Beyond that, though, the immersion of being in a place where a huge number of people, participants and supporters and happy observers alike, have come together from a wide range of territory for an extended period of days solely for love of music–that is a wholly different and magical experience everyone should have the opportunity to enjoy at least once. So I commend them to you, the small-scale community events offered by your local affiliated high schools and the international events hosted by long-lived organizations in exotic places and every variation on the theme you can find. I promise you will leave with a song in your heart and memories to last you to when all of your other memories have faded to dust and perhaps beyond. If music be the food of love, play on! For though in this line opening his play ‘Twelfth Night‘ Shakespeare exposed the Duke of Orsino’s conviction that being surfeited with love (in this instance, via its musical surrogate) would cure him of his hunger for it, I think that quite the opposite is true: if they are excellent, the more we experience them and are filled with them, the more we crave both love and music.

Food of that sort for thought: visit first the websites and then the events offered by your local choirs, bands, orchestras, theaters, and performance companies. My own favorites are hosted by professional organizations of music educators, conductors and performers simply because those are the ones I’ve naturally had the privilege to attend, as consort to my musical prince charming, and these all offer performances by top artists that are open to the public, sometimes even with free admission. Explore them! The organization that ‘sponsored’, or inspired and was the jumping-off point for, our honeymoon with its Singing Week in Veszprém–with its half-dozen ateliers conducted by musicians from Europe and North America and singers and whole choirs from all over as well–was what is now called the European Choral Association-Europa Cantat and it hosts a wide variety of such choral events throughout each year, with a focal youth choir festival occurring triennially in places like Passau, Leicestershire, Barcelona, Utrecht, Torino (2012), and Pécs, Hungary (a locale to be repeated in 2015).


Just this month, the newly minted University Singers at UNT performed their first concert of the season with my spouse at the helm. If you live in or near a college town, you’ll find endless opportunities for attending all sorts of musical events, many of them free and most of them truly outstanding–after all, these people are all here gaining expertise for what may be their whole life’s passion, and performers need great audiences too.

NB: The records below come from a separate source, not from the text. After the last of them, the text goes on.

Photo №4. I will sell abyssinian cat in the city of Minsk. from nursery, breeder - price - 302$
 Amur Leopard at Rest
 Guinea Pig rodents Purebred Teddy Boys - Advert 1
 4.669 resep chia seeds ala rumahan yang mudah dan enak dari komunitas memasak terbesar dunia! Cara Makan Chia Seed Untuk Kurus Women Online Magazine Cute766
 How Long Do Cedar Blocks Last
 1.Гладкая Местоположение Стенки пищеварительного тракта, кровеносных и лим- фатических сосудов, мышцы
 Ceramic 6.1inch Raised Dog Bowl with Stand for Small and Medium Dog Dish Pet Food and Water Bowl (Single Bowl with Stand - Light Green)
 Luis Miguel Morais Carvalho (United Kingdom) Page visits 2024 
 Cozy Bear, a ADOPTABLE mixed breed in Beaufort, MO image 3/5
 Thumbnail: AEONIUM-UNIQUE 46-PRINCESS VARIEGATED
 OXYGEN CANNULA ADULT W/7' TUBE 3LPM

Pop, folk, jazz, rock, blues, punk, bluegrass, Early Music, all flavors and kinds of music and individual organizations from the Oldtime Fiddlers [I once got to run the stage lighting for their competition in Washington state–fabulous fiddling, huge fun and even some fantastic yodeling!] to the Verona Opera [I can say from my one experience there that genuine opera under the stars is something not to be missed, even if it’s still 40°C when the singing ends in the middle of the night]: there is something for practically any musical taste out there, and many of them that I enjoy immensely are included among these. My personal pet organizations among the professional gang also include many others: IFCM (International Federation for Choral Music), ACDA (American Choral Directors Association), ACCC (Association of Canadian Choral Communities), TMEA (Texas Music Educators Association), Chorus America, the Boston (odd-numbered years in June), Berkeley (even-numbered years in June), and Vancouver (annually in August) Early Music festivals, and ever so much more.

Lullabies and Parallel Universes

photoI have said that music transports me to Other Places. Indeed, all art has that potential for me, for internal travel. It’s one of the great joys of art. As I write this, I’m listening to a live broadcast of this evening’s concert from the Swedish Radio Choir‘s (Radiokören, or RK) concert, one that travels particularly far and wide–and deep–in my heart and mind for a whole lot of reasons.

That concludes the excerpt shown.